### Brief
Starting with the line that has "1GCNKNEC6HZ253153_7.webp" in the records below and stopping after the line that has "Stick/Site Built at", output every line exactly and nothing else; skip pictures.

[Opening Records supplied section]

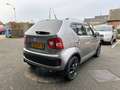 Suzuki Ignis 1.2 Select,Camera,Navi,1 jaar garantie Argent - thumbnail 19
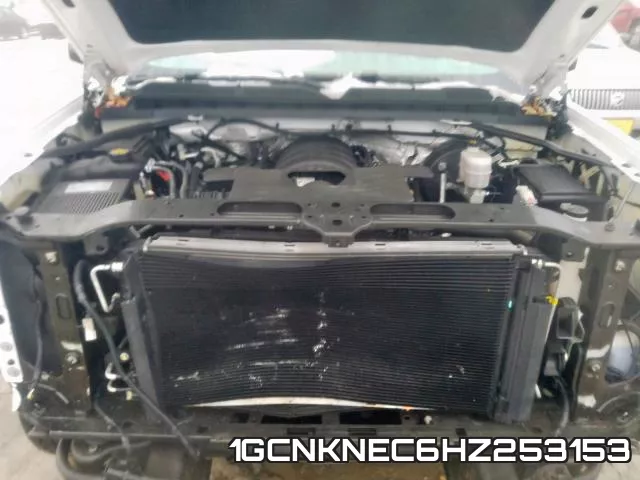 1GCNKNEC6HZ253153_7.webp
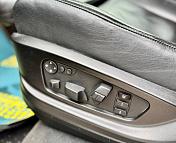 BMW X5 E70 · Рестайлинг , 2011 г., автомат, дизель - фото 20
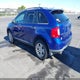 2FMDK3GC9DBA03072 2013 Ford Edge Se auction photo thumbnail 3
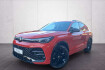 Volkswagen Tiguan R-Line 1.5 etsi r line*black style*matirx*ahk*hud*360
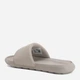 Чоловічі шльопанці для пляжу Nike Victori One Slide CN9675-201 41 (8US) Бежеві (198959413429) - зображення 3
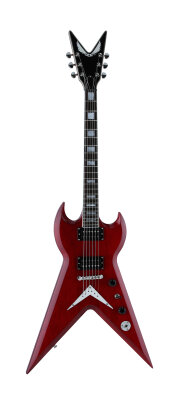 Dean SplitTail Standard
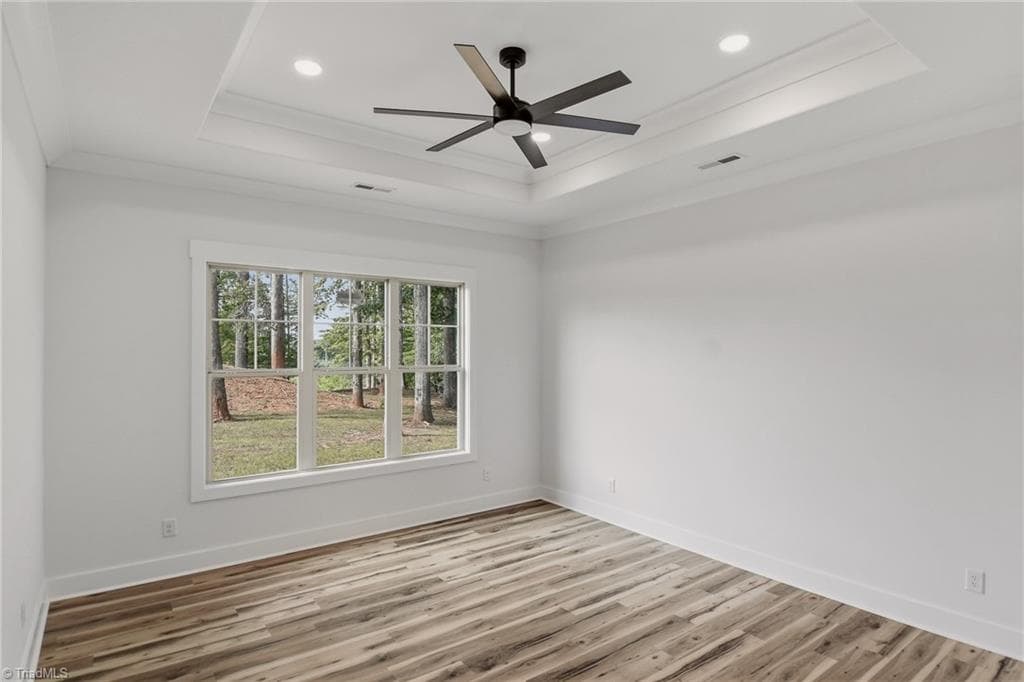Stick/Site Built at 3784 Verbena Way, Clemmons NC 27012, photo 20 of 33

[Closing Records supplied section]
[Opening Records supplied section]

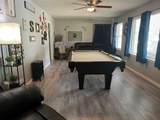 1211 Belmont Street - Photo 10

[Closing Records supplied section]

### Output for this task
 1GCNKNEC6HZ253153_7.webp
 BMW X5 E70 · Рестайлинг , 2011 г., автомат, дизель - фото 20
 2FMDK3GC9DBA03072 2013 Ford Edge Se auction photo thumbnail 3
 Volkswagen Tiguan R-Line 1.5 etsi r line*black style*matirx*ahk*hud*360
 Чоловічі шльопанці для пляжу Nike Victori One Slide CN9675-201 41 (8US) Бежеві (198959413429) - зображення 3
 Dean SplitTail Standard
Stick/Site Built at 3784 Verbena Way, Clemmons NC 27012, photo 20 of 33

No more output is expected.